The luminal A tumors, which are indolent and endocrine responsive comprise about 35% of breast carcinoma cases in India. Luminal B tumors represent about only 8% of carcinoma cases. They are heterogeneously characterized by higher grade, low endocrine sensitivity, increased proliferation rate, and poorer prognosis.[6],[7],[13] Tumors with HER2 gene amplification and/or protein overexpression, account for 11% of all breast cancers. They are aggressive in nature and show a good response to anti-HER2 targeted therapy.[6],[13] The TNBCs lack any specific targeted therapy and show a high risk of distant metastasis, unlike the other molecular subtypes. The TNBCs, though considered as a single entity based on IHC and molecular profiling, have marked heterogeneity with aggressive subtypes and show specific epidemiological, clinical, and prognostic features.[14]

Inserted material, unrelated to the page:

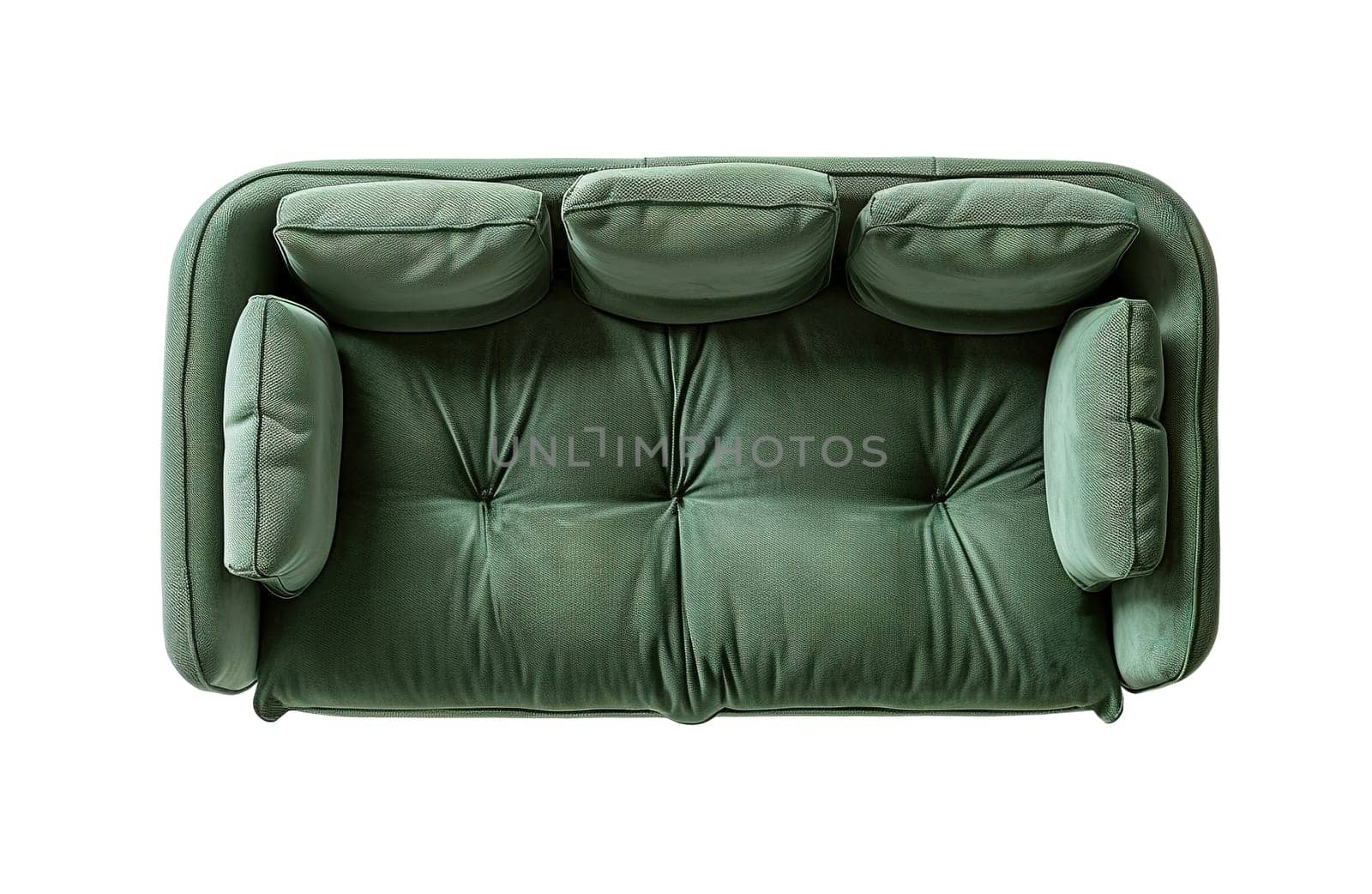 Top view of green, modern sofa, isolated on white background. Cut out living room furniture. Contemporary, Scandinavian style. High angle view. Nordic design. Generative AI. by creativebird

Luminal B tumor was the largest in number in our series unlike the other studies (n = 90) (60%).[13] They had a significant association with a high nuclear grade, high-grade PDCs, and high-grade TB. In comparison with luminal A tumors, they were associated with larger tumor size, increased stromal lymphoplasmacytic infiltrate, high Ki 67 index, and circumscribed tumor margins, indicating aggressive behavior. The luminal A tumors also had an increased number of high-grade TB compared to the hormone-negative aggressive molecular groups. TB had a significant association with lymph node metastasis and lymphovascular emboli independent of all the other variables. Our study also showed that tumor size, degree of differentiation, or Ki 67 index have no evident influence on the detachment and dissociation of tumor buds.[5],[9] A definite correlation was seen between TB and ER-positive status. Tumor bud cells are proven to have an epithelial-mesenchymal transition (EMT) phenotype with vimentin positivity, beta-catenin expression, and E-cadherin loss.[4],[15] Estrogen causes EMT in breast cancer stem cells and is involved in tight junction disruption and increased cell motility,[16] causing the budding of tumor cells. Hence, it can be concluded that the luminal A and B tumors being hormone-dependent will show distinct genetic alterations that can influence the tumor microenvironment and cellular features resulting in a high-grade TB.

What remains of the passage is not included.